_EXERCISE AIM_. Find the lines of the listing that contain the string "Modern", and return them.
__________________________________________________
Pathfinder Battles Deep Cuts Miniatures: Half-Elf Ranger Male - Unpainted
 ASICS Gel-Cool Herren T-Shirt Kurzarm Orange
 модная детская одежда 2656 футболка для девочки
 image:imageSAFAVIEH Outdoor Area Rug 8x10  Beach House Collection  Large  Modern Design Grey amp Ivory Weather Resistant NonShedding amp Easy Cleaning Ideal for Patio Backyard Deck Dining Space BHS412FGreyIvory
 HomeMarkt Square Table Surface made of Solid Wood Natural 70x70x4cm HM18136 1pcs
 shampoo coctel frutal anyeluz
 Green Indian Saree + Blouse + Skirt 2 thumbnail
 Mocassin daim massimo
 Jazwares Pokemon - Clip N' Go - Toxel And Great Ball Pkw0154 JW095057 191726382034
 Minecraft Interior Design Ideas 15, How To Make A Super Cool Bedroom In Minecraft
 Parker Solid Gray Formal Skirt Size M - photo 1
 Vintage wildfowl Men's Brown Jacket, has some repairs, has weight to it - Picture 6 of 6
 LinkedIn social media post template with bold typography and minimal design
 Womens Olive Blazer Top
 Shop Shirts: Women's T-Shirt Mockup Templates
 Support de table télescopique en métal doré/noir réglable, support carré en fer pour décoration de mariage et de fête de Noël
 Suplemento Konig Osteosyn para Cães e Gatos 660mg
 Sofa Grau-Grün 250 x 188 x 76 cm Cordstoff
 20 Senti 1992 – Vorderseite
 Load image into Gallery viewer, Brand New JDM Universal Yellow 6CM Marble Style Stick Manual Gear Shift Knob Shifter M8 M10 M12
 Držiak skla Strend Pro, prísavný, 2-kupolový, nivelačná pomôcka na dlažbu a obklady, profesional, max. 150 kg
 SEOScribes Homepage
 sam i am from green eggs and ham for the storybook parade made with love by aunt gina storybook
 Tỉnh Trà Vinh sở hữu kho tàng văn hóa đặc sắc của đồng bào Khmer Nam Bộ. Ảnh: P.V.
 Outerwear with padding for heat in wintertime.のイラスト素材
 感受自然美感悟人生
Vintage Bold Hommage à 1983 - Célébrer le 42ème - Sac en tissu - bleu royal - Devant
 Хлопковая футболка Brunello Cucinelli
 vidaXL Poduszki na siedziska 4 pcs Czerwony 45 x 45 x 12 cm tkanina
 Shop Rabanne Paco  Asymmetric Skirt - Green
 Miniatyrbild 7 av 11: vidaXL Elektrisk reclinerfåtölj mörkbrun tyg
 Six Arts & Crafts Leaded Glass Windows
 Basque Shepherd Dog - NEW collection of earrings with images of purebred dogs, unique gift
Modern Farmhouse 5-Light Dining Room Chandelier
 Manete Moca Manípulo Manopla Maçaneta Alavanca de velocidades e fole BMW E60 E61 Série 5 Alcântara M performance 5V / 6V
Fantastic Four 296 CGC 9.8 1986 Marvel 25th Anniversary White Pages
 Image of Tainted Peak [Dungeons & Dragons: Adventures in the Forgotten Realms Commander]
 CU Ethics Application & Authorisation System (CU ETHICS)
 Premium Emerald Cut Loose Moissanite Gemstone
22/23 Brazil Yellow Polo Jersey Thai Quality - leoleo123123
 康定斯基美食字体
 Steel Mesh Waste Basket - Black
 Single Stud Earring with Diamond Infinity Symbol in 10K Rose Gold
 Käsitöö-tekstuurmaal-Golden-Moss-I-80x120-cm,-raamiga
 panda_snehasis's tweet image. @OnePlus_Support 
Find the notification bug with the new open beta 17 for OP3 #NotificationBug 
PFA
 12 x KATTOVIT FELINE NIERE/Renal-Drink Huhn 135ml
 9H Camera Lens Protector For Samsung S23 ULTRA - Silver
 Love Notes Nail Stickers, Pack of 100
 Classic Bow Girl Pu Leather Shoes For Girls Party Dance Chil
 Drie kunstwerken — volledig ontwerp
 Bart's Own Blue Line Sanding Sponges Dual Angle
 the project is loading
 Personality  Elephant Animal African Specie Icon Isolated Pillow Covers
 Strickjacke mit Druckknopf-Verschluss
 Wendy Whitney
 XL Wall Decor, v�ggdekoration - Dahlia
__________________________________________________
_COMPLETED EXERCISE_.
 image:imageSAFAVIEH Outdoor Area Rug 8x10  Beach House Collection  Large  Modern Design Grey amp Ivory Weather Resistant NonShedding amp Easy Cleaning Ideal for Patio Backyard Deck Dining Space BHS412FGreyIvory
Modern Farmhouse 5-Light Dining Room Chandelier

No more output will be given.